Exercise details:
Line by line, repeat the material below exactly and skip the images.

━━ Information provided

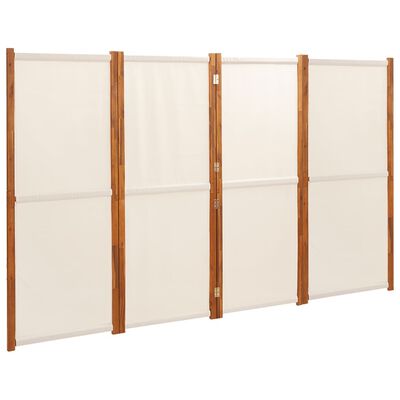 vidaXL Biombo divisor de 4 paneles blanco crema 280x180 cm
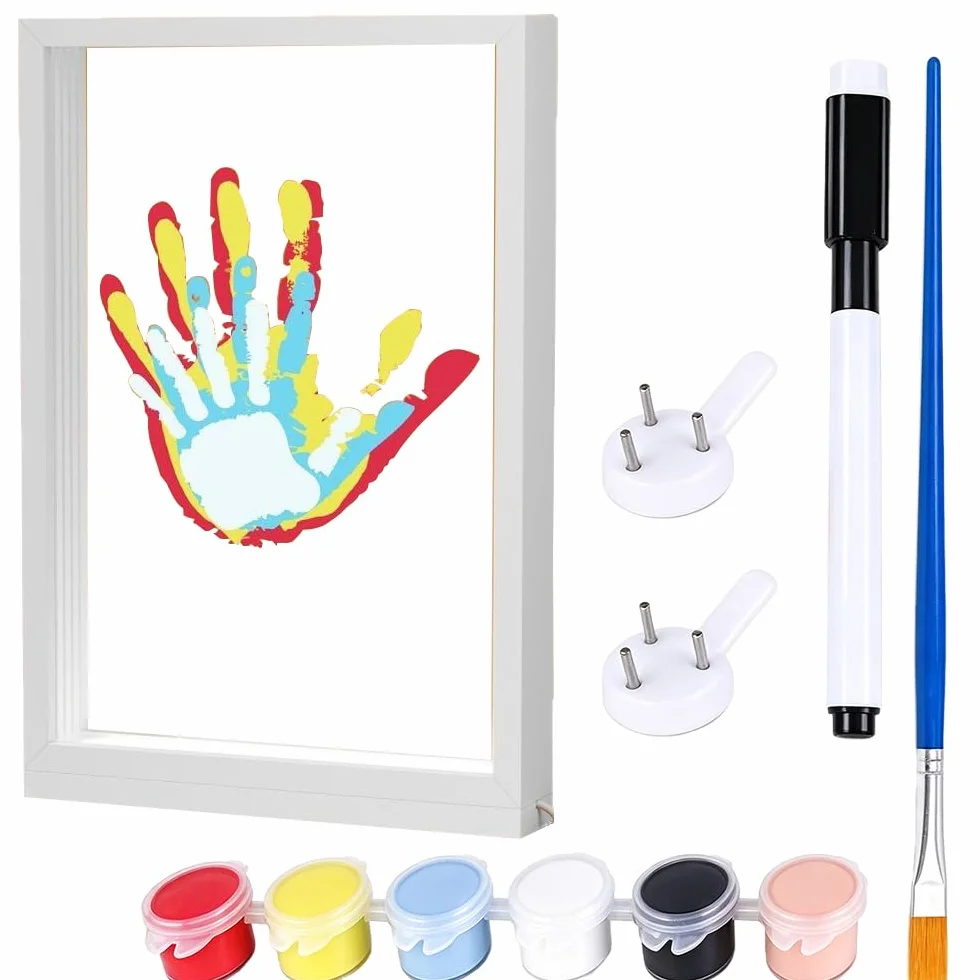 Kit d'Empreintes Familiales avec Veilleuse LED et Pigments - Cadre en Bois pour Bébé, Couples - Cadeau Personnalisé (Blanc)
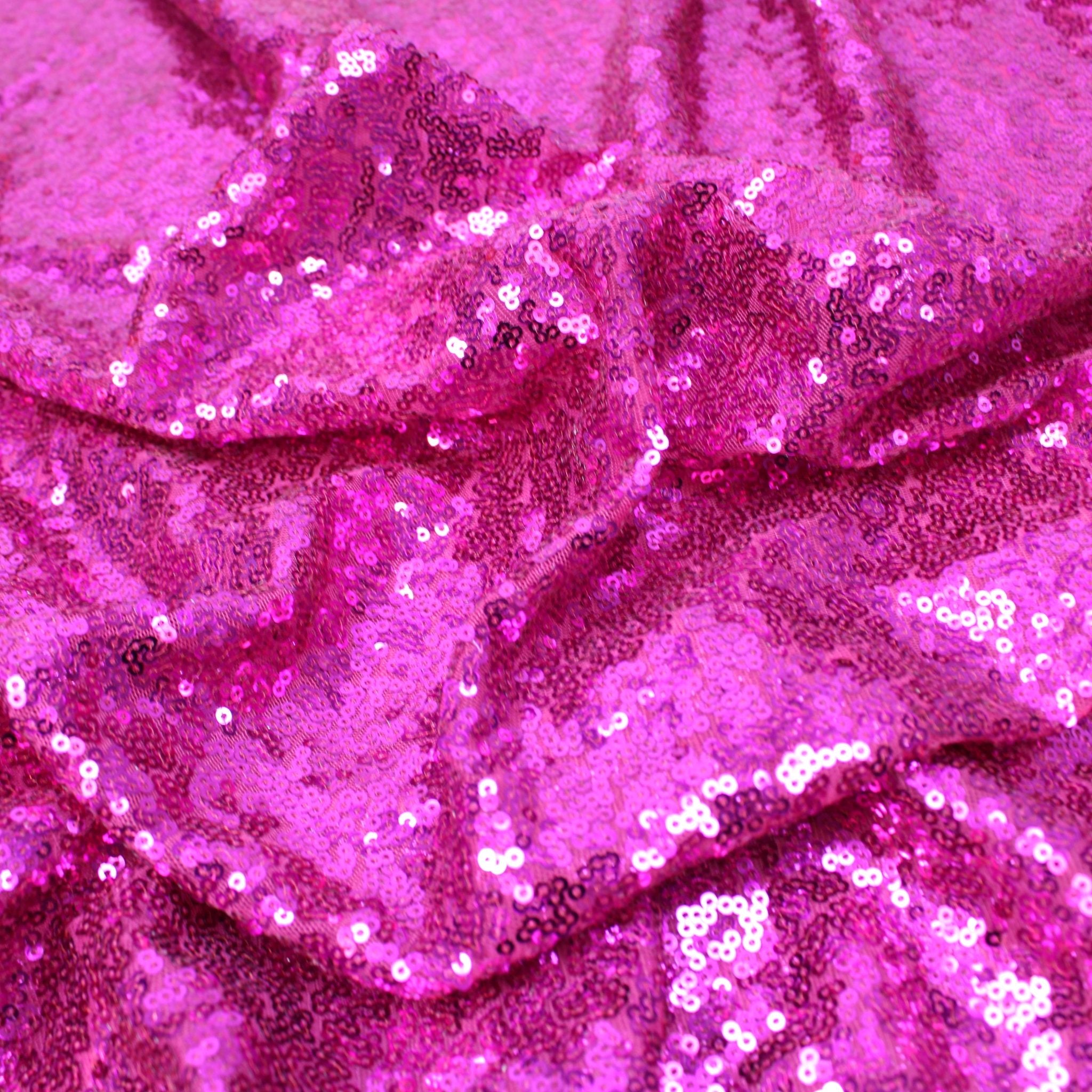3 Metres Luxury Shimmer Glitz, Full Sequin Fabric- 55" Fuchsia Pink - Pound A Metre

━━━━

The answer:
 vidaXL Biombo divisor de 4 paneles blanco crema 280x180 cm
 Kit d'Empreintes Familiales avec Veilleuse LED et Pigments - Cadre en Bois pour Bébé, Couples - Cadeau Personnalisé (Blanc)
3 Metres Luxury Shimmer Glitz, Full Sequin Fabric- 55" Fuchsia Pink - Pound A Metre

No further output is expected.